Nothing can compare the energy you get from running through the huge banner on a cool Friday night onto the football field. All the players are pumped up and ready to play; they’re jumping around and shouting like crazy. Then they make their way to the sidelines, where they experience one of the biggest buzz kills of all time: having a gigantic TV camera shoved into their face right before the opening kickoff.
Football is a sport that requires a great amount of focus and concentration, and it’s infuriating when you’re trying to discus tactics with one of the coaches or cheering on your teammates while some guy is pressing a video camera as close as he can legally get to your face without getting charged for harassment.
“They come right up into your face and distract you from the game,”said junior football player Zach Sollinger. “They should stay off the field and stand where they belong: with the cheerleaders.”
RBTV has had a fair amount of success at various competitions. In the last eight years, RBTV has won at least one 1st place trophy for a TV program at the Hometown USA Video Festival. In the 2007 festival, they won a total of seven 1st place trophies. Needless to say, we have a talented TV station.
“If you’ve ever watched a college or NFL game on TV, you’ll notice that they use sideline cameras,” said TV production teacher Gary Prokes. “In order to completely cover the game, it’s necessary to have cameramen on the sidelines.”
However, I just can’t stand watching a football game when the only sound coming out of my TV is the announcers.

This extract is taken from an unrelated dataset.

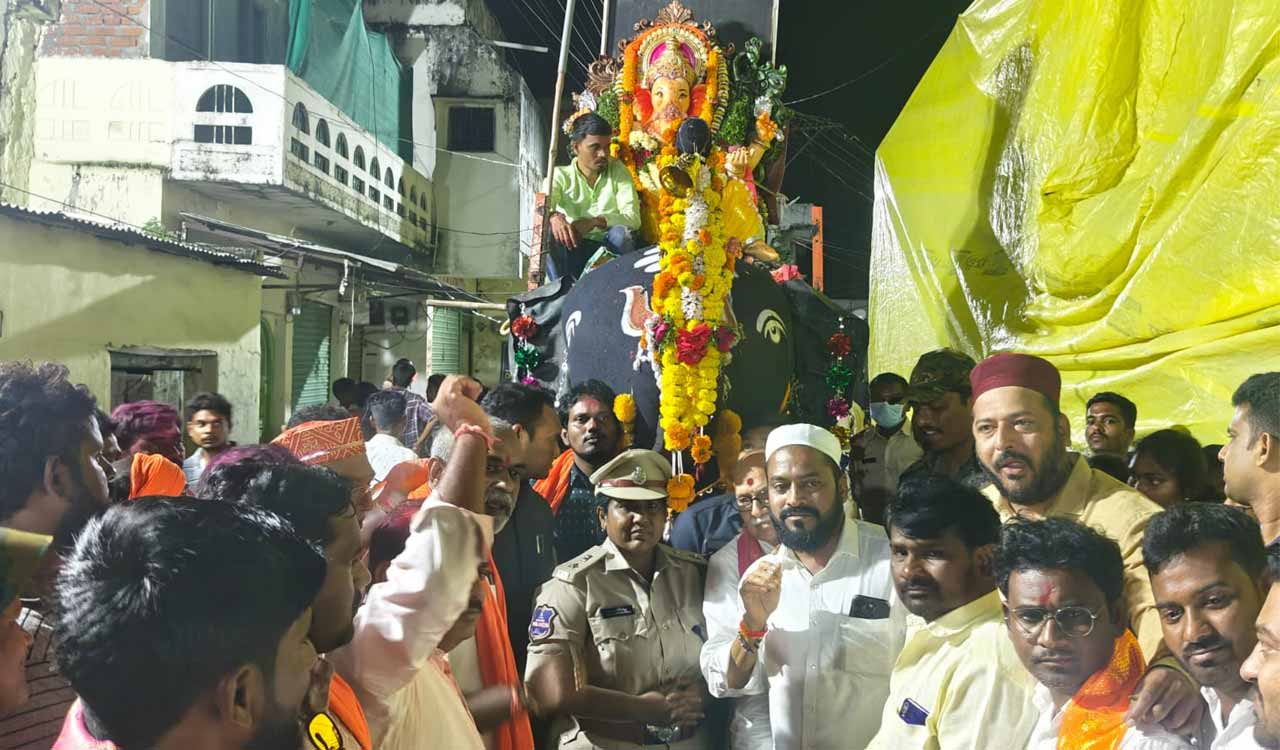 Ganesh idol immersion goes off peacefully in Telangana’s Bhainsa town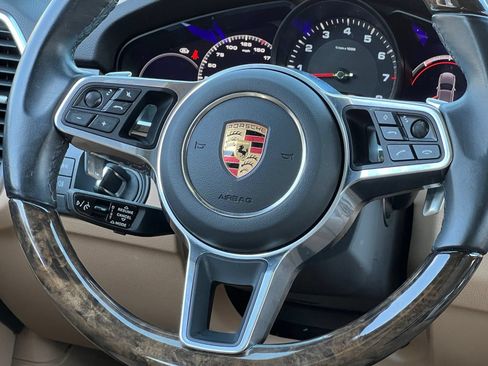 Certified 2023 Porsche Cayenne Platinum Edition AWD/4WD image 22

I don’t know much about video cameras, but I do know that the cameras broadcasting the RB football games cannot pick up any sound whatsoever. You can’t hear the crowd shouting, the cheerleaders cheering. You can’t even hear the referee blow his whistle. And when I see a close up (and I mean an extreme close up) of a player on the sidelines, I see his lips moving, but there is hardly any sound.
It is reasonable for the station to want to cover the football game as well as they possibly can, but you seldom see professional cameramen doing close ups of the players to the extent that the RBTV cameramen do. It doesn’t do RBTV justice and it shatters the players’ concentration. It would be more desirable for the cameramen to stand apart from the players and take some sideline shots, but do it in a manner that won’t make the entire team feel like they’re being stalked.
It’s not like player close-ups are a vital part in successfully covering RB football games. Sideline cameras are meant to add a bit of interest for the viewer and impress the TV audience with the numerous camera views. Unfortunately, RBTV sideline cameras accomplish neither of those goals.